Die Meiereien Kleinenberg und Butze sollen nach Berichtigung der unwirtschaftlichen Forstgrenze der Meierei Kleinenberg zu Siedlungszwecken der landwirtschaftlichen Bevölkerung des bisherigen Kreises Pyrmont unverzüglich und zu Vorzugspreisen nach den Bestimmungen des Reichssiedlungsgesetzes vom 11. August 1919 (Reichsgesetzbl. S. 1429) zur Verfügung gestellt werden.
Artikel 9.
Die staatlichen Ländereien bleiben, soweit sie Zwecken des Kurbetriebes dienstbar sind oder dienstbar gemacht werden müssen, mit dem Bade verbunden (Grundstücke in und nahe dem Parke, Rennwiesen, Quellgrundstücke und dergleichen). Die übrigen Grundstücke sollen den Gemeinden, in deren Bezirken sie liegen, zu Siedlungs-, Bebauungs- oder anderen dem allgemeinen Interesse dienenden Zwecken zum Kaufe zu Vorzugspreisen angeboten werden. Plätze, Straßen und Wege sind den Gemeinden, in deren Ortsbezirken sie liegen, auf Wunsch gegen Übernahme der Unterhaltungskosten zu Eigentum abzutreten.
Artikel 10.
Wegen des im § 9 des Vertrags zugesicherten späteren Einflusses der Kurgemeinden besteht Übereinstimmung darüber, daß bei Abschluß eines neuen Vertrags die Kurgemeinden nicht ungünstiger gestellt werden sollen als in dem alten.
Artikel 11.
Bei der Bemessung der Zuschüsse an die höhere Schule wird Preußen besonderes Entgegenkommen betätigen.

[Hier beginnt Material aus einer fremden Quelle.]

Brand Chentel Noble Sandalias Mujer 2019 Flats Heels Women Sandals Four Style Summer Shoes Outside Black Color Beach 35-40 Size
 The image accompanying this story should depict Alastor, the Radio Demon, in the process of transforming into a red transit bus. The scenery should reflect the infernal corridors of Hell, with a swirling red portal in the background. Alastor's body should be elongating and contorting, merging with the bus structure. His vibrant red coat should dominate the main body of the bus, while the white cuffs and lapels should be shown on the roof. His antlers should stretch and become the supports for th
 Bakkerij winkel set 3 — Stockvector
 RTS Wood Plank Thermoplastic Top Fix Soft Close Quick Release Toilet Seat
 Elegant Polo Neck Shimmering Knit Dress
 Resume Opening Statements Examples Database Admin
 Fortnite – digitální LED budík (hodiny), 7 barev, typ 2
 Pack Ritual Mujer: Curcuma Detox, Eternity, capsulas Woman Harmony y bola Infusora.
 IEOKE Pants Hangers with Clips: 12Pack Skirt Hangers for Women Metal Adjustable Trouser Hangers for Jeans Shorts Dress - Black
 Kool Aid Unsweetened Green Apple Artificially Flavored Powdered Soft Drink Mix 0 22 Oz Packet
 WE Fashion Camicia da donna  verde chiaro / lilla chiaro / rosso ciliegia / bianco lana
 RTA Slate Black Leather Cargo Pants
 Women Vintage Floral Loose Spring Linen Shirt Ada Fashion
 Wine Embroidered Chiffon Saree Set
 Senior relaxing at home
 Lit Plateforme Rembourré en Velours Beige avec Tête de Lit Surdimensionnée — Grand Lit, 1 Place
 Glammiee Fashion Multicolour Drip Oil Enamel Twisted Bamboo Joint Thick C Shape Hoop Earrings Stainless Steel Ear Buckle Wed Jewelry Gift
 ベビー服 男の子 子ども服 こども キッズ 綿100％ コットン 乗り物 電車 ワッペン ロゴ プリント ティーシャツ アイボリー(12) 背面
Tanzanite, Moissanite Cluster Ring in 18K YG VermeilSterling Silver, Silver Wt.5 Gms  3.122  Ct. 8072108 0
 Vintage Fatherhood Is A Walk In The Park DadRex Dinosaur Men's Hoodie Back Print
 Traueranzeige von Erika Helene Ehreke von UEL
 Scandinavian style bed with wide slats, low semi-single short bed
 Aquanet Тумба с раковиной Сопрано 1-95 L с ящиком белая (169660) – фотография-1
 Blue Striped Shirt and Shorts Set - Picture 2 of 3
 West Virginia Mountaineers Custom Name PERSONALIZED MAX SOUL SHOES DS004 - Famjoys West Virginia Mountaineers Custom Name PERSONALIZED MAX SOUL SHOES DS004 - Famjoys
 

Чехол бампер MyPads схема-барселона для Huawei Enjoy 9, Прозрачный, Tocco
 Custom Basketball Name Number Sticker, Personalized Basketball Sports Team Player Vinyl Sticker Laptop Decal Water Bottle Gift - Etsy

Die mit dem vereinbarten Entwurf übereinstimmend befundenen zwei Stücke des Vertrags sind hierauf von den beiderseitigen Kommissaren unterzeichnet und untersiegelt worden; die preußischen und waldeckischen Kommissare haben je ein Stück des Vertrags und des Schlußprotokolls entgegengenommen.
So geschehen zu Arolsen am 29. November 1921.
Friedrich Meister. Otto Mackensy. Karl-Otto von Kameke. Wilhelm Schmieding.